The authors ask: “What causes a model to be trustworthy? And what enables trustworthy models to incur trust?”

Intrinsic trust is built when a model’s observable decision process aligns with a user’s beliefs. This requires a user to understand the decision process and for them to have prior beliefs. To build intrinsic trust, then, understand who your users are and frame the model’s decision-making process in a way that they can understand.

Extrinsic trust is built through evaluation of results. This requires trusting the evaluation scheme (that it used an appropriate metric, that the training data distribution matches the unseen future data, etc.), and the authors go into detail about how this must happen.

And so the authors extend a common claim in explainable AI (XAI) from:

XAI for Trust (common): A key motivation of XAI and interpretability is to increase the trust of users in the AI.


XAI for Trust (extended): A key motivation of XAI and interpretability is to (1) increase the trustworthiness of the AI, (2) increase the trust of the user in a trustworthy AI, or (3) increase the distrust of the user in a non-trustworthy AI, all corresponding to a stated contract, so that the user develops warranted trust or distrust in that contract.

This builds on all the concepts presented previously, which makes it a nice summarization of the paper. Make AI more trustworthy, make people trust trustworthy AI more, and make people distrust non-trustworthy AI more. This all occurs with respect to a contract of performance, fairness, privacy, or something else.

The main contribution here is defining previously-fuzzy trust-related terms. What does human-AI trust mean? What is required for it to exist? When is it warranted (and what does that mean?)? The paper answers all of these.

My thoughts

I find the discussion of warranted vs. unwarranted trust to be interesting. It didn’t occur to me that one can design around a lousy AI model to make it appear trustworthy, but in hindsight this is obvious. Providing a sleek interface or explanations can build trust in a model without requiring the model itself to be trustworthy. People dress up bad software every day.

The authors frame this as an ethical issue, which I agree with. “In this work, we assume that it is a core motivation of the field to remain ethical and not implement or prioritize unwarranted trust.”

Unwarranted trust reminds me of the CHI paper, Interpreting Interpretability by Kaur et al., which showed how data scientists overtrust interpretability tools. Misapplying interpretability tools is a great example of how to (unethically) build unwarranted trust in a model.

I liked the discussion of how human-AI trust differs from human-human trust. In human-human trust from sociology, trust is justified if it was not betrayed. (I’m sure this is an oversimplification, but I’m no sociologist.) For human-AI trust, though, trust is justified if the trustee is trustworthy to some contract.

The human-AI definition is stricter. If a trustee catches a cold and can’t fulfill their promise, but in principle could, it’s difficult to assign blame. But this doesn’t apply to AI. An AI’s capabilities are well-defined and it does not have intent. Its trustworthiness can only be evaluated at the face value of its actions.

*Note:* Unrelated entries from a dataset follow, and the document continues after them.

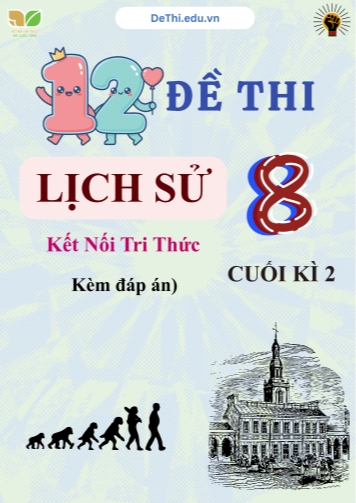 Tổng hợp 12 Đề thi Lịch sử 8 sách Kết Nối Tri Thức cuối Kì 2 (Kèm đáp án)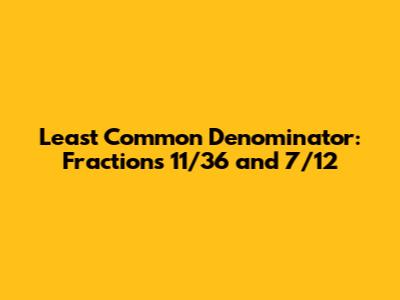 Least Common Denominator: Fractions 11/36 and 7/12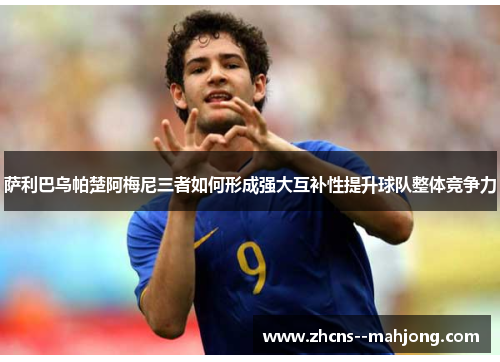 萨利巴乌帕楚阿梅尼三者如何形成强大互补性提升球队整体竞争力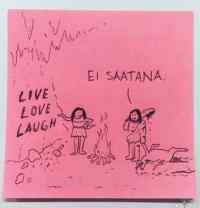 Live Love Laugh... - ...ei saatana.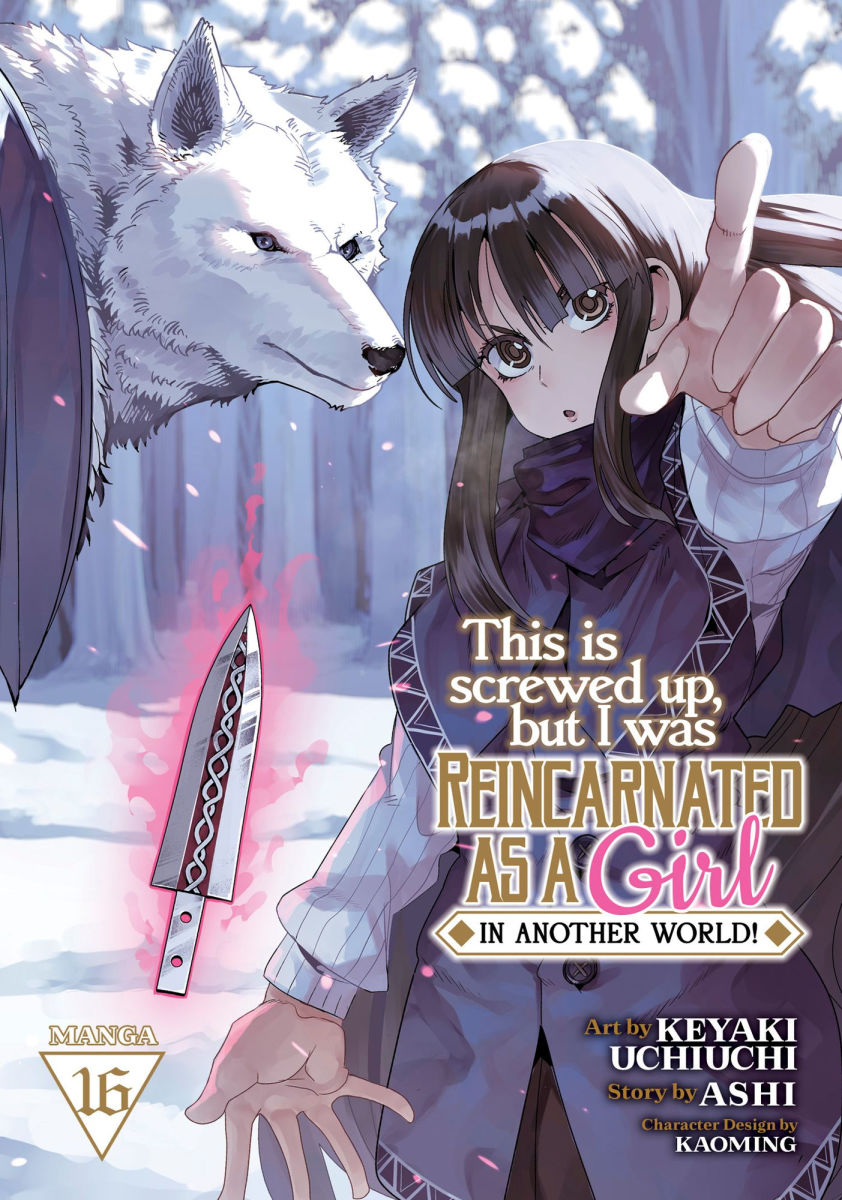This Is Screwed Up But I Was Reincarnated as a Girl in Another World Vol. 16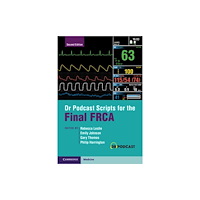 Cambridge University Press Dr Podcast Scripts for the Final FRCA (häftad, eng)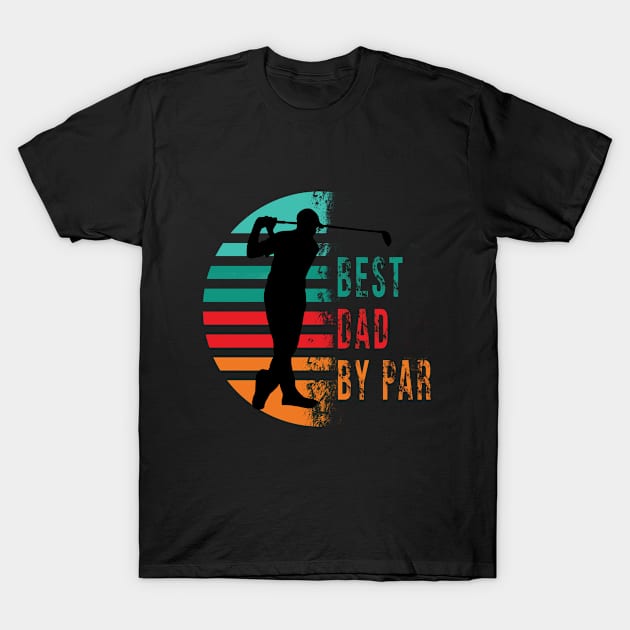 best dad by par for golf lovers T-Shirt by Fancy store
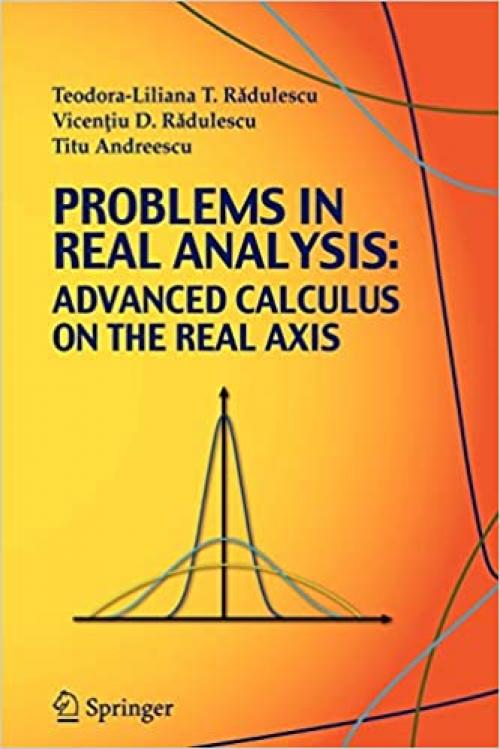  Problems in Real Analysis: Advanced Calculus on the Real Axis 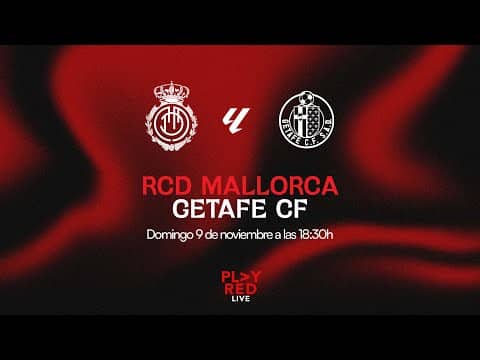 💥 ¡RCD MALLORCA vs GETAFE CF EN DIRECTO! | Análisis, Opiniones y MÁS en PLAY RED LIVE 🔴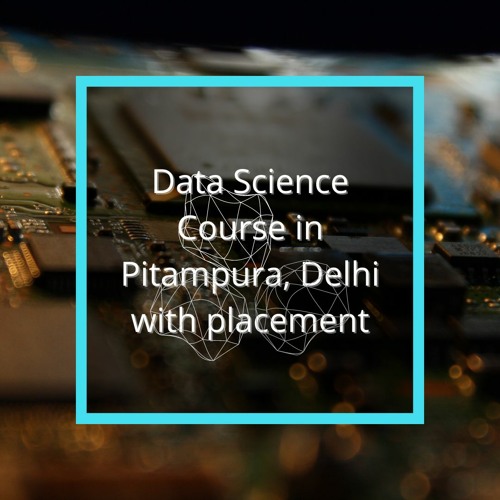 Data Science Course In Pitampura with placement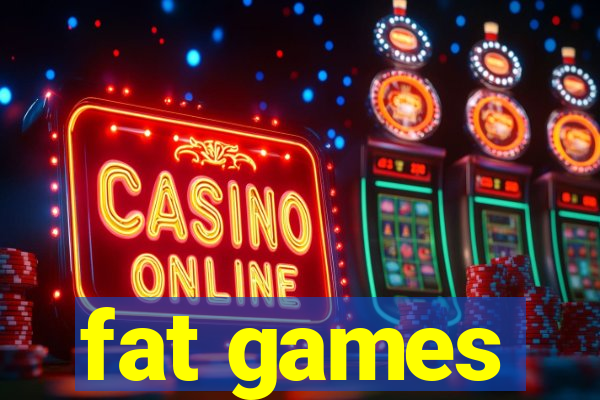 fat games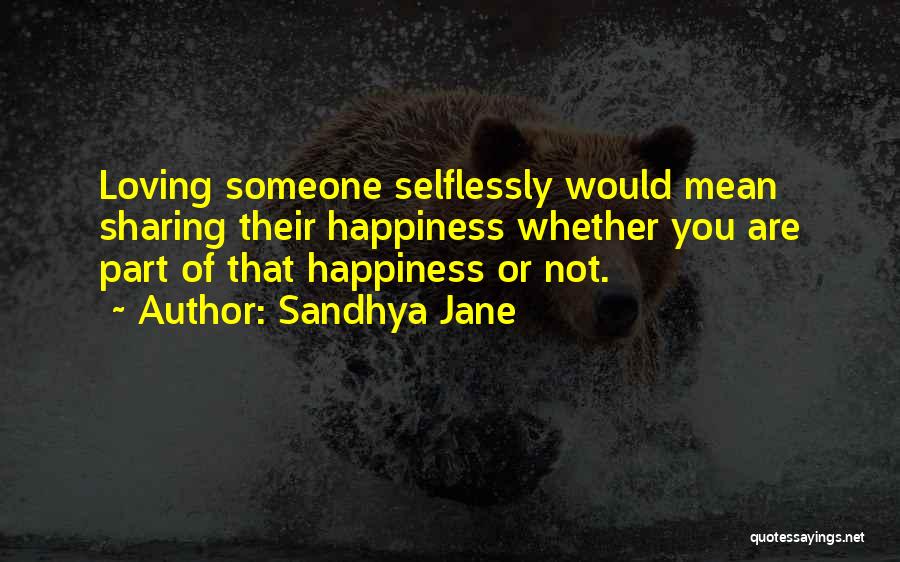 Sandhya Jane Quotes 1670723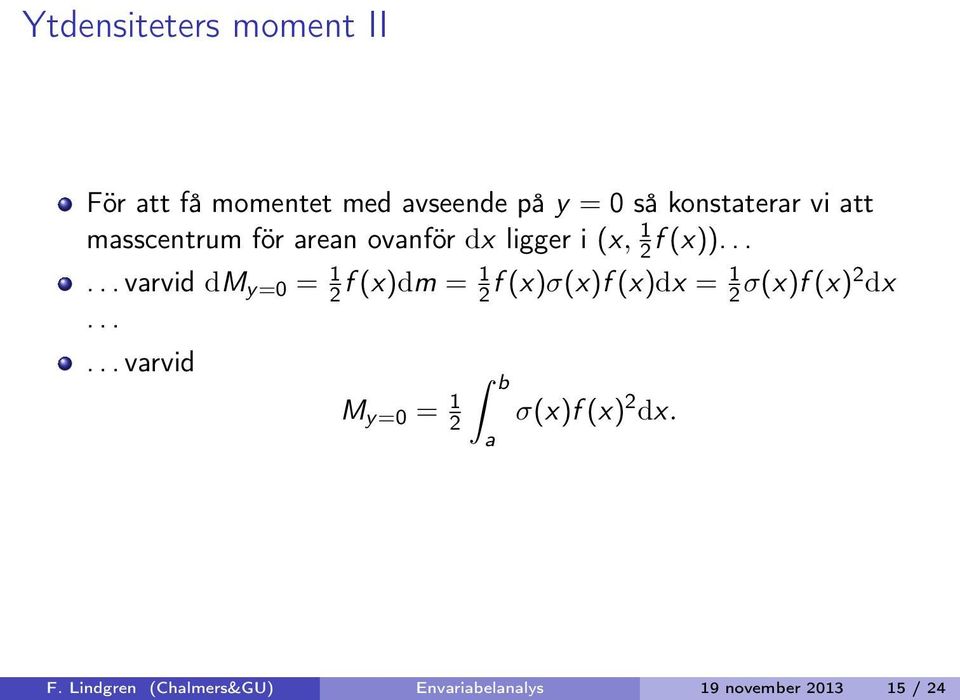 ..... vrvid dm y=0 = 1 2 f(x)dm = 1 2 f(x)σ(x)f(x)dx = 1 2 σ(x)f(x)2 dx.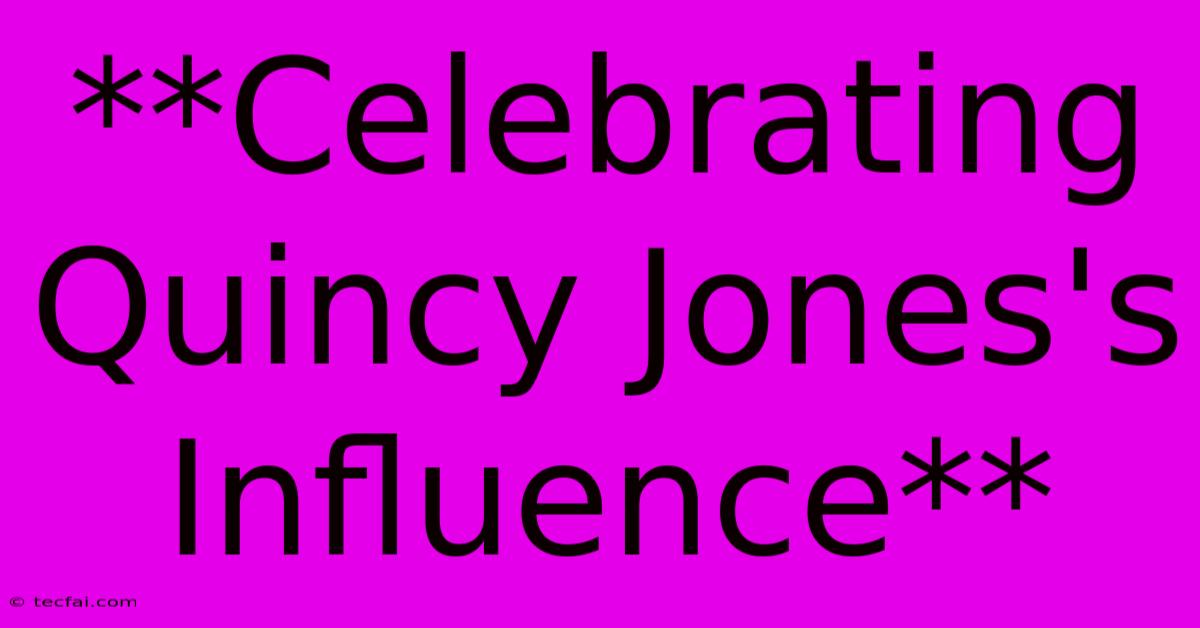 **Celebrating Quincy Jones's Influence**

This reminds me of the Stochastic Parrots language models paper, which drew a distinction between language that comes from humans (a two-way act of communciation with intent and nuance) and language that comes from language models (which is just text).

The Stochastic Parrots paper provides an example of why trust in AI must be different from trust in humans. If a human says something harmul, they have the opportunity to clarify their intent and restore trust that would have otherwise been broken. A language model that produces harmful text has no intent. It can only be evaluated based on its outputs.

I liked this paper overall, but had trouble wrapping my head around some of the more abstract concepts discussed here. I think it will help me to see future work that cites this. I think I agree with their formulation of trust, but don’t really know enough to critique it, so I look forward to reading more in the future.